WORK REQUEST -
Beginning at the line with "AK Bergmanns Heim, Bergmann" in the records below, return each line up to and including the last, exactly as it stands, but not the pictures.

Top of EXTRACTED INFORMATION

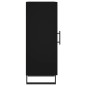 vidaXL Aparador de madera contrachapada negro 34,5x34x90 cm vidaXL Aparador de madera contrachapada negro 34,5x34x90 cm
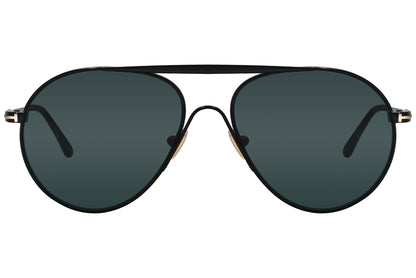 Tom Ford Aviator Black Sunglasses Model: TF773-01V Fron View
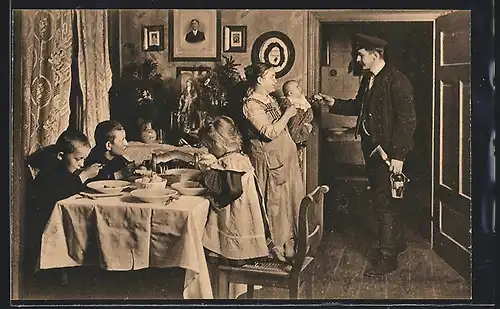 AK Bergmanns Heim, Bergmann kehrt nach Hause zurück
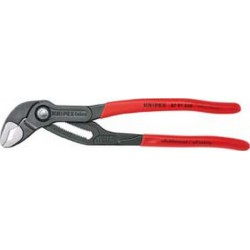 Pince multiprise à crémaillère Cobra®, tête chromée, poignées à gaines en plastique antidérapantes, Long. : 250 mm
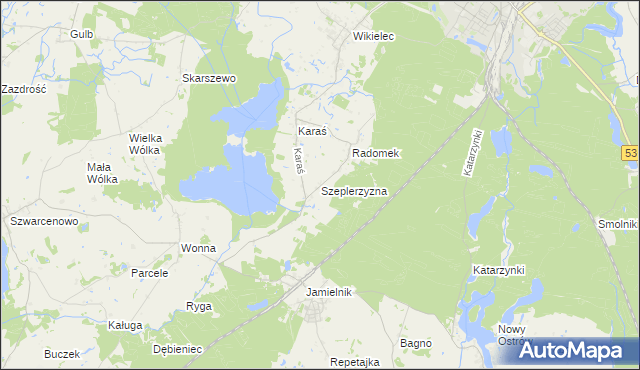 mapa Szeplerzyzna, Szeplerzyzna na mapie Targeo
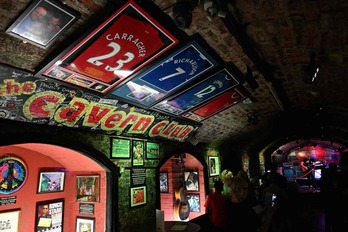 Visitantes en The Cavern Club.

Bottom of EXTRACTED INFORMATION

ANSWER SECTION -
 AK Bergmanns Heim, Bergmann kehrt nach Hause zurück
 Pince multiprise à crémaillère Cobra®, tête chromée, poignées à gaines en plastique antidérapantes, Long. : 250 mm
 mapa Szeplerzyzna, Szeplerzyzna na mapie Targeo
 Visitantes en The Cavern Club.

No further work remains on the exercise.